Bir şeye baktığımızda ne görüyoruz? İnsana, duruma, yere göre değişen bu algı, bir şeyi görüş biçimi, ancak resimle gösterilebilir, açıklanabilir der Hockney. Resim ile kastettiği de sadece tablo değil; fotoğraf, çizim dahil her tür imgedir; ve bu anlamda resim yapan herkesin karşılaştığı bir sorunu ele alır: İnsanlar, şeyler ve mekânlar üçboyutlu olduğuna göre bunlar düz bir yüzeyde nasıl gösterilebilir, açıklanabilir? Bu amaca yönelik çabalarla ortaya çıkan sonuçlar, genelde tablo, fotoğraf, film diye tek bir kategoride sınıflandırılıyor. Ya da tarih ve üsluba göre tasnif ediliyor: Ortaçağ, Rönesans, Barok vb adlandırılan dönemlere ayrılıyor.
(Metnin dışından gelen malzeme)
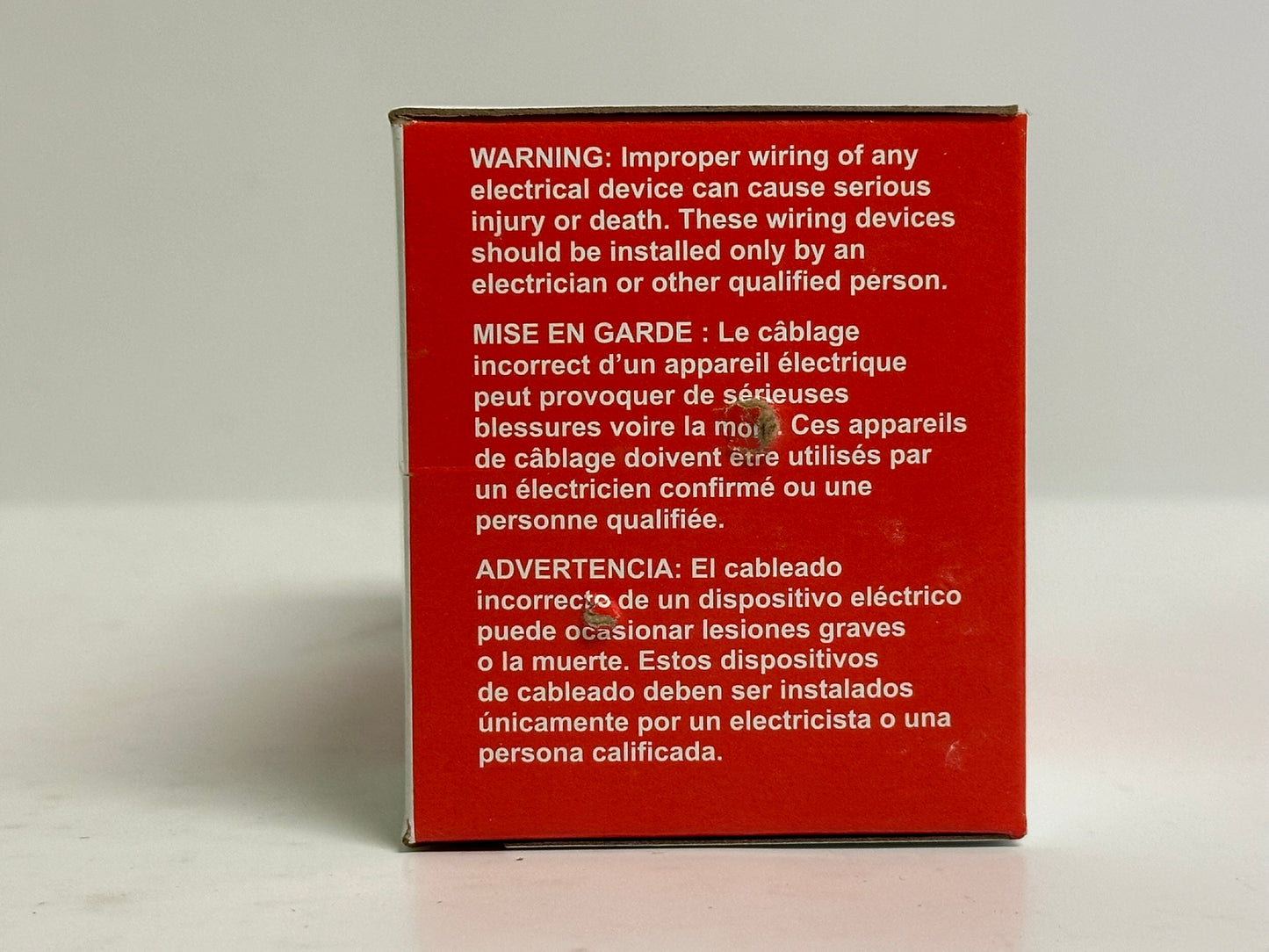 2 PK Legrand (CS6364) Connector California Standard Style 125/250 Volt Turnlok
Hockney ise bütün imgeleri; ister fırça, ister kamera ya da dijital programla yapılsın, ister mağara duvarlarında veya bilgisayar ekranında görülsün, öncelikle resim olarak niteliyor. Çevremizdeki dünyayı –ve böylece kendimizi– anlayabilmemiz için de resmin tarihine ihtiyaç olduğunu belirtiyor. Resmin tarihi işte elinizdeki bu kitaptır.

Resim ve çizimler yapmak, kameralarla imgeler üretmekle geçen yaşamı boyunca edindiği bilgi ve enerjiyle sanatçı Hockney, sanat eleştirmeni Martin Gayford’la birlikte bin yıl boyunca resimlerin neden ve nasıl yapıldıklarını araştırıyor. Düz bir yüzey üzerine yapılan işaretler neden ilginçtir? Hareketsiz bir resimde hareketi nasıl gösterirsiniz? Veya tam tersi, film ve televizyonu eski usta ressamlarla nasıl bağdaştırabilirsiniz? Zamanı ve uzamı tuval ya da ekranda statik bir imgeye sığdırmanın, indirgemenin yolları nelerdir? Resimler bize ne gösterir – yalan mı söyler, gerçeği mi gösterir? Fotoğrafların gösterdiği dünya yaşadığımız, deneyimlediğimiz dünya mıdır?